> Instructions to follow: Using the records below, write out again exactly the lines that begin at the line containing "Phyto Phytokeratine Extreme Shampoo 200 Ml" and end at the line containing "Adidas Running - Switch", and no other lines.

───── Materials provided

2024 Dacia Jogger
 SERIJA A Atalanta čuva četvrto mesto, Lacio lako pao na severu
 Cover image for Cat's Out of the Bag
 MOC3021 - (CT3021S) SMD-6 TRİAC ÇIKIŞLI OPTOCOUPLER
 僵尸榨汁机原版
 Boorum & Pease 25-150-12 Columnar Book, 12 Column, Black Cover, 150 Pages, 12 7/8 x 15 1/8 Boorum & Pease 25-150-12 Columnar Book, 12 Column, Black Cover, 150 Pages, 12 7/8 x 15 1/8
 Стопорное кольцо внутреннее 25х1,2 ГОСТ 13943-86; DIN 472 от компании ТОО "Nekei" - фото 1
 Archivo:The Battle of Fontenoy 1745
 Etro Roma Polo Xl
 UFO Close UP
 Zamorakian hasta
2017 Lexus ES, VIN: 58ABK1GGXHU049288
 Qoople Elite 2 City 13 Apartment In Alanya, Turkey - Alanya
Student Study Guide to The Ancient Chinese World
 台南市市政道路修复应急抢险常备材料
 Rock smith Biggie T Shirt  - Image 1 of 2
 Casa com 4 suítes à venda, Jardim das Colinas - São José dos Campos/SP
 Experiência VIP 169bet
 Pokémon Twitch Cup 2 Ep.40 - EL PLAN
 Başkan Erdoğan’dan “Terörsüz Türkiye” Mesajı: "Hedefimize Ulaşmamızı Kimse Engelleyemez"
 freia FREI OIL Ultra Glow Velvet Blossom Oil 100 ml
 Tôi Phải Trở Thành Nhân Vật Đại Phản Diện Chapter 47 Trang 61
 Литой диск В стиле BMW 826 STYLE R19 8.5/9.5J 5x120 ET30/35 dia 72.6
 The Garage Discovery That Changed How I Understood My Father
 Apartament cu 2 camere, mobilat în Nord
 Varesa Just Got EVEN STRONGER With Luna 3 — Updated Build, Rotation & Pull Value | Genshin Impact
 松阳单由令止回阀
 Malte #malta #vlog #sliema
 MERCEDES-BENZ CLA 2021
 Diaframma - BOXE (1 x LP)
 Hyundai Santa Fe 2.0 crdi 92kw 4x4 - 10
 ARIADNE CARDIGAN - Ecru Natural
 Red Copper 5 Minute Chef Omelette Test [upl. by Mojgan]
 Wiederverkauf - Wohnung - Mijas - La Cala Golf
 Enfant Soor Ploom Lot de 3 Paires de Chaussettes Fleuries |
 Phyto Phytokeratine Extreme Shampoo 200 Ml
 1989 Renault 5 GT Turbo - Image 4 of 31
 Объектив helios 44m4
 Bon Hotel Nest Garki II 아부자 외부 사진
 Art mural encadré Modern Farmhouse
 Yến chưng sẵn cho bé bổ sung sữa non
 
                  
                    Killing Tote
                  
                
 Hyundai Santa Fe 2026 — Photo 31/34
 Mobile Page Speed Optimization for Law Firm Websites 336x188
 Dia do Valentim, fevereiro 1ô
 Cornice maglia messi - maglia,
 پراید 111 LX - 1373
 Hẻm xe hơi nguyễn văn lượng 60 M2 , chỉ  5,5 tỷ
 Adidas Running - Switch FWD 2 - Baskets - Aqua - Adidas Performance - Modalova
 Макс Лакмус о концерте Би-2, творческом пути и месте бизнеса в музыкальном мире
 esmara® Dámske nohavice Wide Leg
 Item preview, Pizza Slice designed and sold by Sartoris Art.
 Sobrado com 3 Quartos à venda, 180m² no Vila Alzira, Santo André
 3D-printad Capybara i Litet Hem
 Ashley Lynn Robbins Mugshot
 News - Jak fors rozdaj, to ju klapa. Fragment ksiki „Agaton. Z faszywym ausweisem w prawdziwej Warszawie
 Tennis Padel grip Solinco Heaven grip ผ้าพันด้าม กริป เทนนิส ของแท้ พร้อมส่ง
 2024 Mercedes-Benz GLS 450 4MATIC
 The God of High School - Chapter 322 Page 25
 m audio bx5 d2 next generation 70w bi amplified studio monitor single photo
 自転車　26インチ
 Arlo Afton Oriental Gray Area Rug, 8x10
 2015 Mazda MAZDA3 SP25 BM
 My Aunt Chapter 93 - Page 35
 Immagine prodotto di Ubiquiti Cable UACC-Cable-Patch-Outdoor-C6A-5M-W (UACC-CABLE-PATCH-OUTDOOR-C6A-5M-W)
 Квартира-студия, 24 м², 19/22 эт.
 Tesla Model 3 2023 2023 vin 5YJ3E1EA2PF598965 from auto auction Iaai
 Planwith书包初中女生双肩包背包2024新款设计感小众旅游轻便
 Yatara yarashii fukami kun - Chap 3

──────────

> Output for this task:
 Phyto Phytokeratine Extreme Shampoo 200 Ml
 1989 Renault 5 GT Turbo - Image 4 of 31
 Объектив helios 44m4
 Bon Hotel Nest Garki II 아부자 외부 사진
 Art mural encadré Modern Farmhouse
 Yến chưng sẵn cho bé bổ sung sữa non
 
                  
                    Killing Tote
                  
                
 Hyundai Santa Fe 2026 — Photo 31/34
 Mobile Page Speed Optimization for Law Firm Websites 336x188
 Dia do Valentim, fevereiro 1ô
 Cornice maglia messi - maglia,
 پراید 111 LX - 1373
 Hẻm xe hơi nguyễn văn lượng 60 M2 , chỉ  5,5 tỷ
 Adidas Running - Switch FWD 2 - Baskets - Aqua - Adidas Performance - Modalova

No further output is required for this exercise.